Compound interest, earning interest in the future on interest accumulated on your past savings will be needed to accumulate an adequate retirement fund. If at age 25 you saved $2000 a year and earned 4% interest annually on it, you would have $60,000 in 20 years, $83,200 in 25 years, $112,000 in 30 years, $147,200 in 35 years, and $190,000 in 40 years. Your accumulated savings would have increased $4,640 per year between years 20 and 25, $5960 per year between years 25 and 30, $7040 per year between years 30 and 35, and $10,560 a year between years 35 and 40. Like an avalanche, your savings would have grown geometrically. This illustrates the importance of starting saving when you are young.
Einstein said, “compound interest is the most powerful force in the universe, the eighth wonder of the world, the greatest mathematical discovery of all time, and he who understands it, earns it, but he who doesn’t pays it.” In his recent book, Capital, French economist Thomas Piketty explained how the return on capital [r] is always greater than the growth in the economy [g] hence inherited and invested wealth explains the permanent advantage of the rich and the current inequality of income and wealth in the world.
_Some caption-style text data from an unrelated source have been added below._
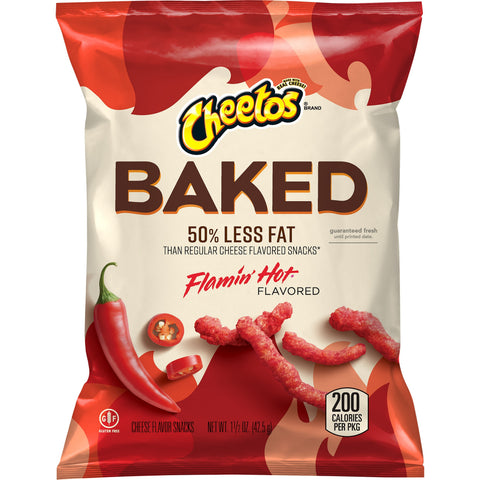 Cheetos Oven Baked Flamin Hot Cheese Snacks, 1.5 Ounce -- 64 per case.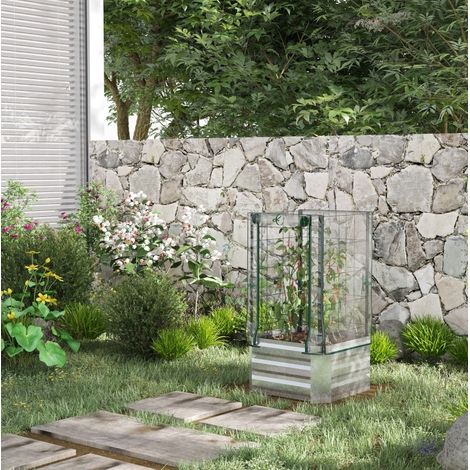 Carré potager 3-en-1 avec housse PVC 53x53x90 cm OKMYHOME (1/5)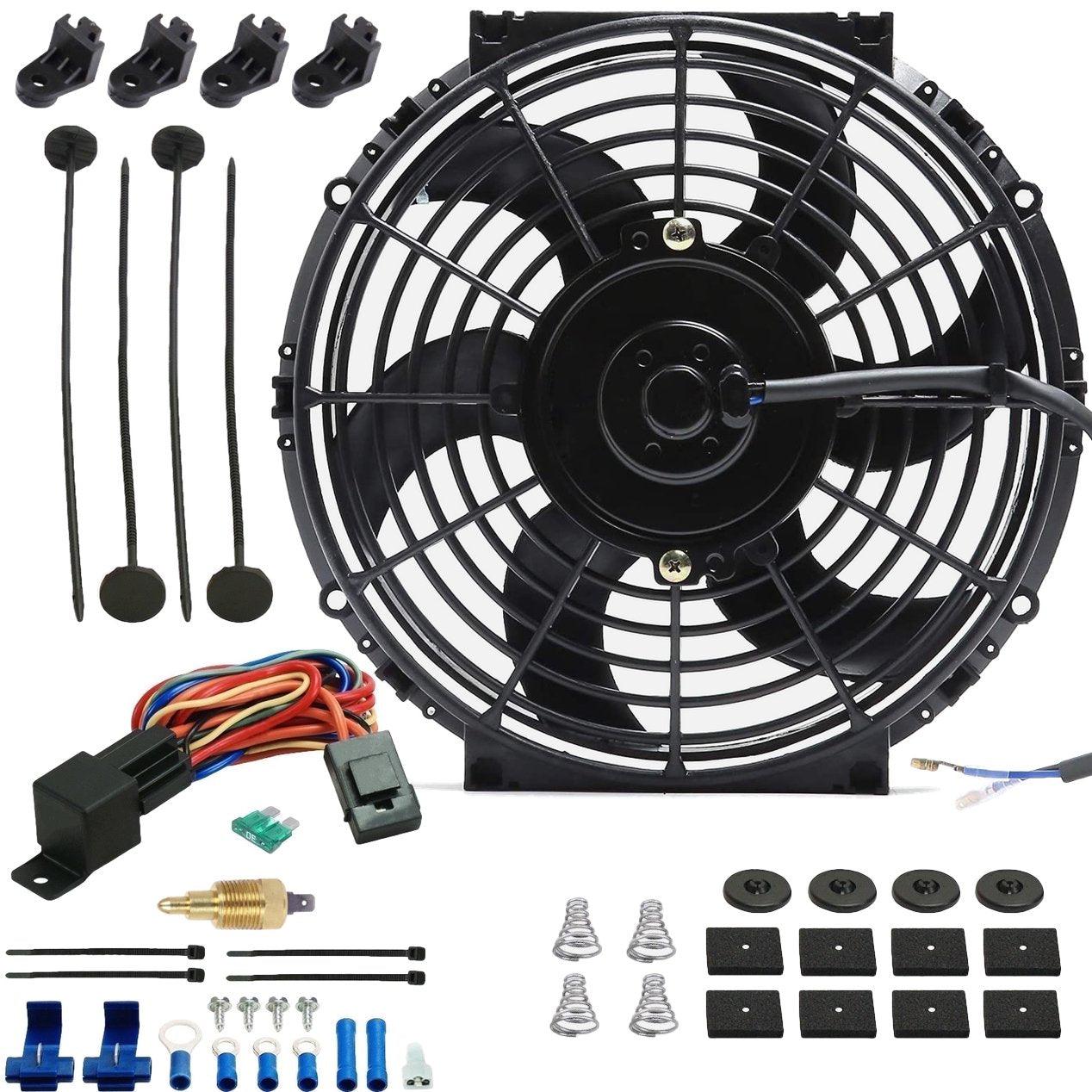 10-11 Inch 90W Electric Radiator Fan Kit with Thermostat Switch & Grounding Wire - Perfect for Car Cooling System, Engine Overheating Protection & Automotive Repair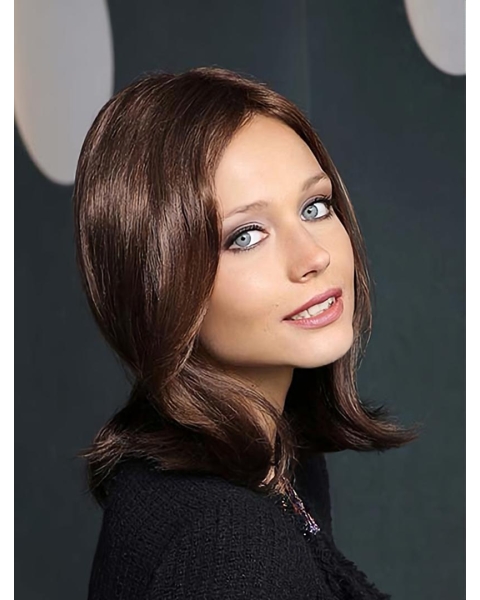 Brown Straight Shoulder Length Without Bangs Lace Front Synthetic  Women Wigs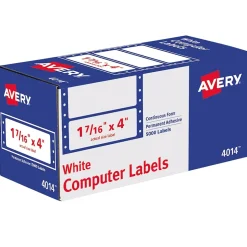 Avery Pin-Fed Address Labels, White, 1-7/16" x 4", White, 5,000 Labels/Pack (4014)* Address Labels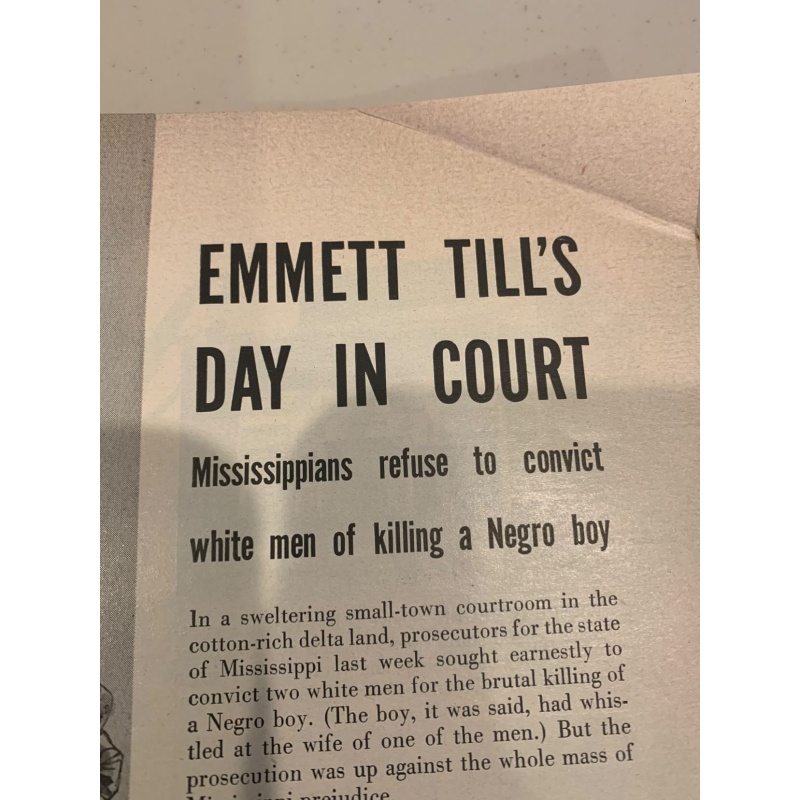 Emmett Till Murder & Court Original 1955 Life Magazine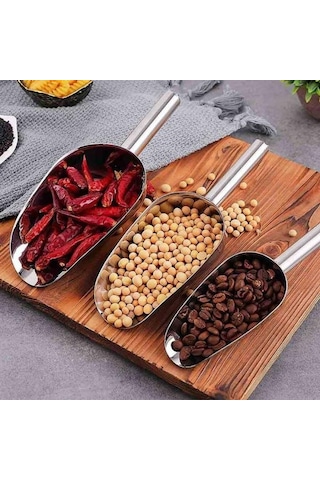Bakliyat Küreği Paslanmaz Şaşula 350 Gr Kuruyemiş Küreği İnox No:2 24 Cm Metalik Gri
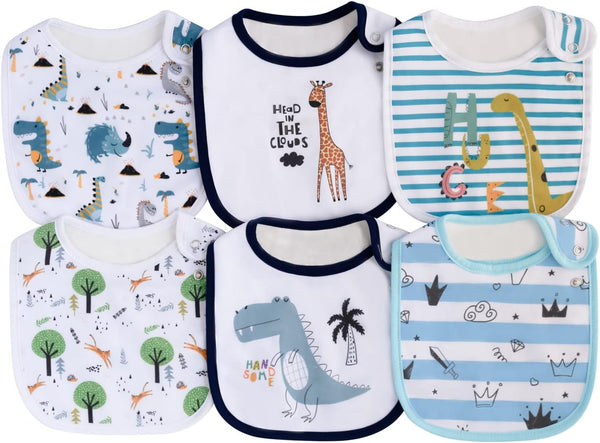 Maiwa 6 Pack Waterproof Cotton Baby Bibs for Girls and Boys for Drooling and Eating with Snaps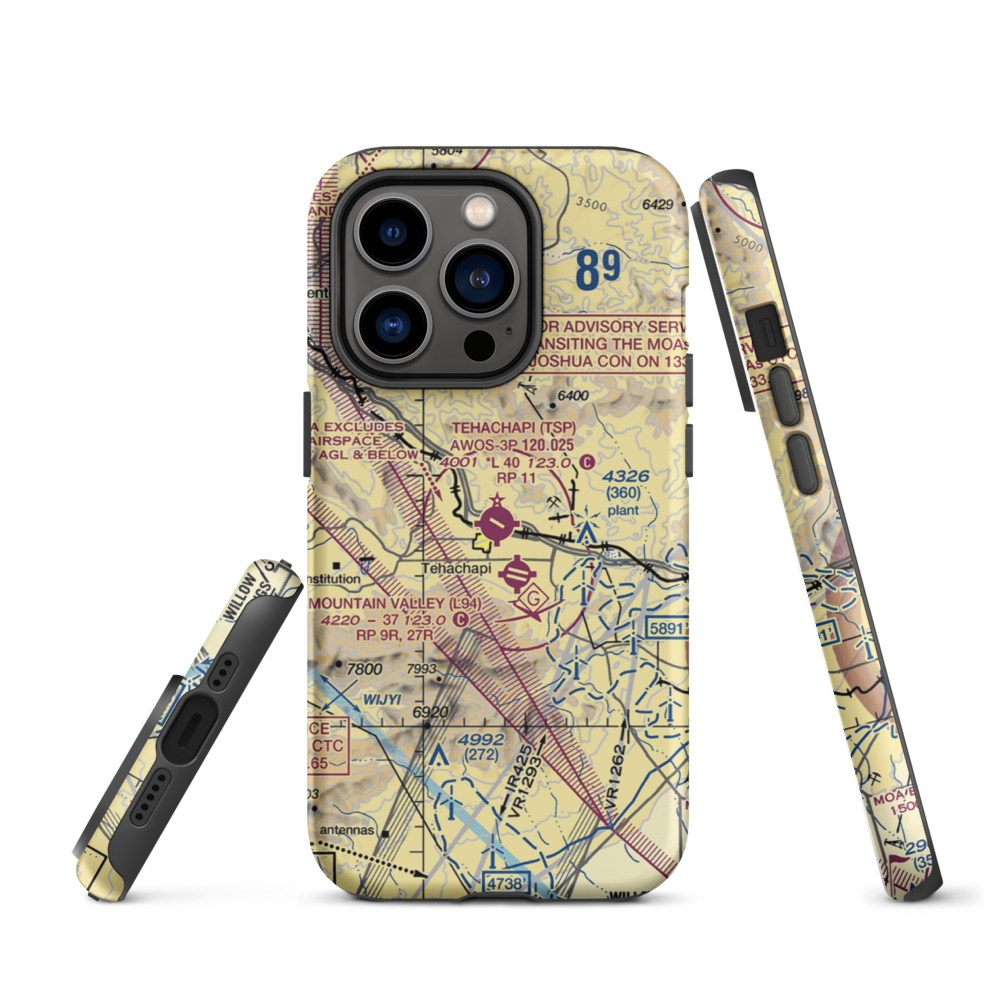 Tehachapi Municipal Airport (TSP) VFR Sectional  Tough iPhone Case iPhone 14 Pro model shown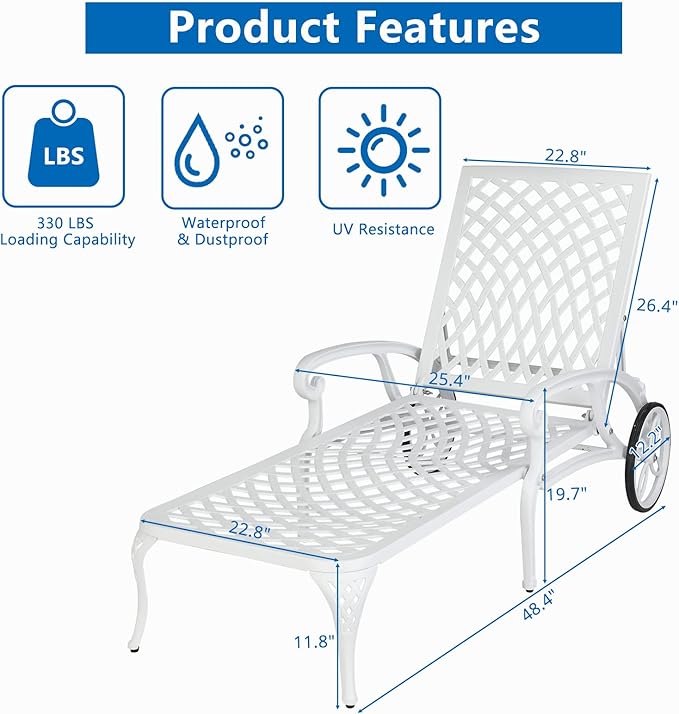 VINGLI Cast Aluminum Outdoor Chaise Lounge Chair with Wheels, Patio Chaise Lounge with 3-Position Adjustable Backrest, Tanning Chair Reclining Chair for Poolside (White, Without Cushion)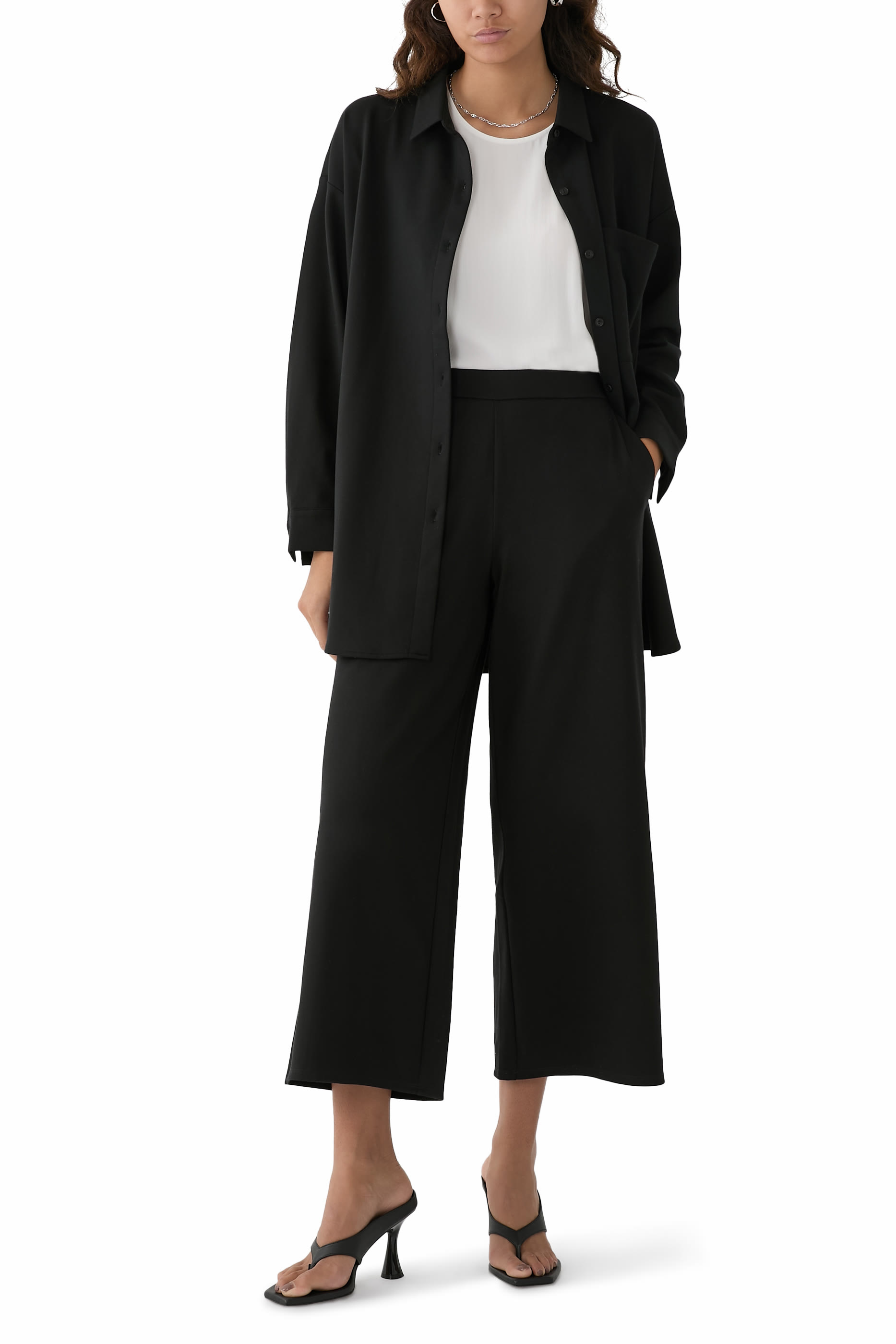 قميص طويل بياقة كلاسيكية بونتي خفيف الوزن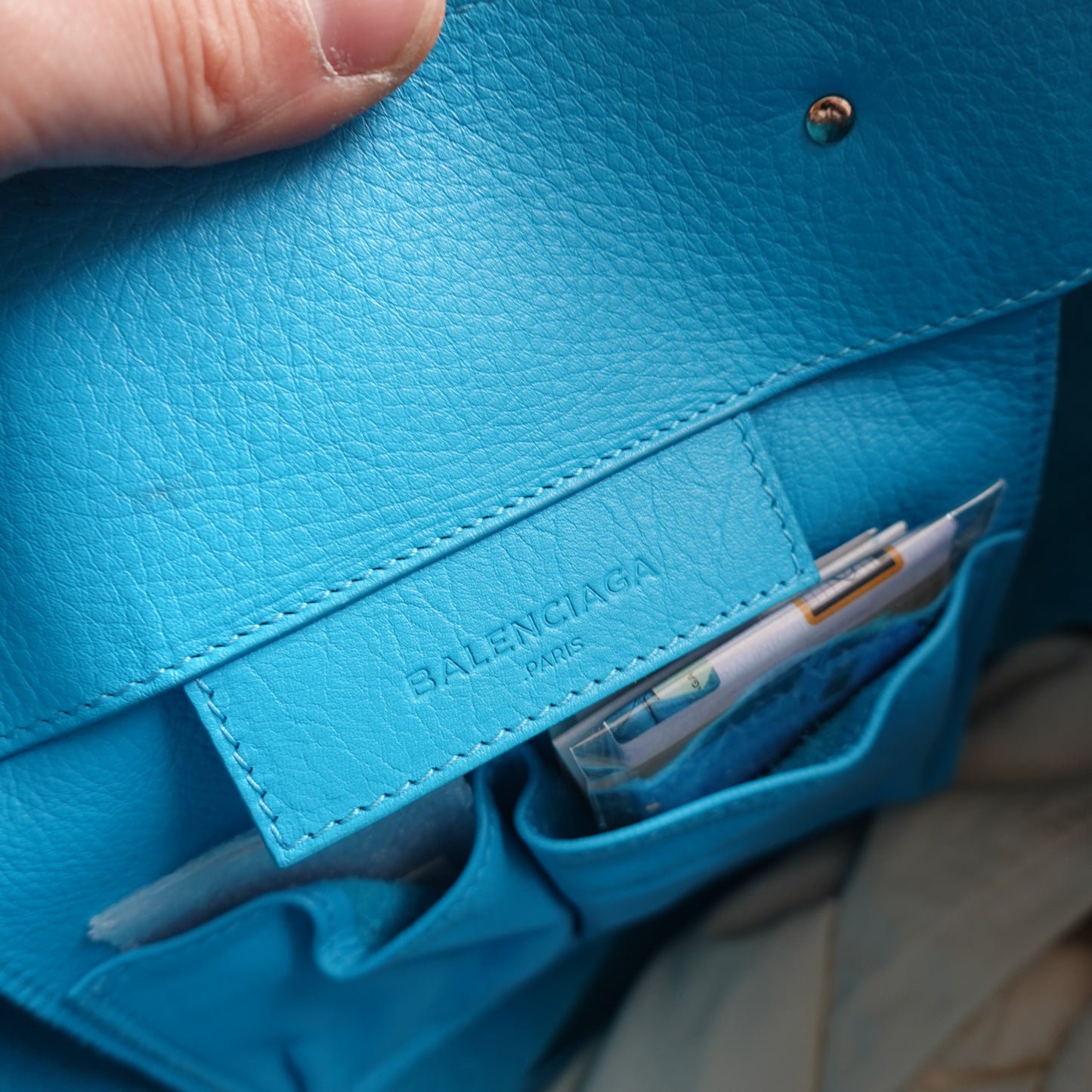 Balenciaga Papier A4 Turquoise Tote Bag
In the vernacular, the guy living off investments is going to do better than the working man.  Compound interest [r] on invested savings underlies his theory
In the thirties my family began saving through a whole life insurance policy which combined both insurance and savings. Each week a ‘debit salesman’ of the Metropolitan Life Insurance came to our house and collected the premium. The week after my birth the premium increased $0.25 to $1.50. During WWII kids bought 10 cent stamps, pasted them in a book, and when filled [$18.75] exchanged the book for a $25 bond. It was a lesson in saving for a generation.
Saving requires the discipline to defer consumption-a character trait not distributed equally among the population. Forty-two per cent of Okies have no savings and 62% have less than $1000—slightly worse than national averages of 39% and 57% respectively.
Here’s how to save that $2,000 illustrated earlier. Put your loose pocket change in a jar every night. My change averages 82 cents a day or $300 a year. Eat out no more than three
times a week and order only water to drink and save $234 annually. Skip on-the-job drinks and snacks saving at least $200 a year. Buy generic foods when available and save at least $1400 a year. These savings total $2134 a year—enough to provide one with the $190,000 at the end of their 40-year work life illustrated earlier. If your spouse duplicates some of these measures, the two of you might have $250,000 by age 65.
Unfortunately, employers have almost universally ceased defined benefit pensions, but some have instituted defined contribution plans employees pay for and which some employers contribute to. Never pass up such plans. 
Buy only term life insurance—never whole life. Follow the advice of the second richest man in America, Warren Buffett. In 2007, he made a bet that the S&P 500 stock index would outperform hedge funds. Hedge funds select stocks in contrast to an index fund which ‘passively’ invests in stocks tracking the S& P 500 index selected by a software algorithm [aka robot]. It was a $1 million, 10-year bet with Ted Seides of Protégé’ Partners. By the end of the bet Seides’ funds had gained $220,000 and Buffett’s $854,000. Ignore the ubiquitous ads on television by investment firms claiming to be able to outthink the market. Invest in an index fund which bets on the market e.g., America. Never buy a new car: Buy a fleet car having lots of miles remaining on its new car warranty, and don’t buy an ‘extended warranty.’
If you have a lot of outstanding credit card debt, begin by paying off one you can pay off the quickest then work your way through the rest the same way. As your total monthly payments decline, use the extra discretionary funds increase, use them to pay off debt not make new purchases. Seeing your escape from the debt trap each month will be motivating to continue.
Make a budget including 10% savings and put it in an index fund. If you are a church member who tithes, it will force the lifestyle adjustments required to save that other 10%. With the character required to do this, you might impress your boss enough to merit a raise.
 Piketty, Thomas, Capital in the twenty-first Century, Belknap Press, 2013.
 Hacker, Jacob S., The Great Risk Shift, Oxford Press, 2006.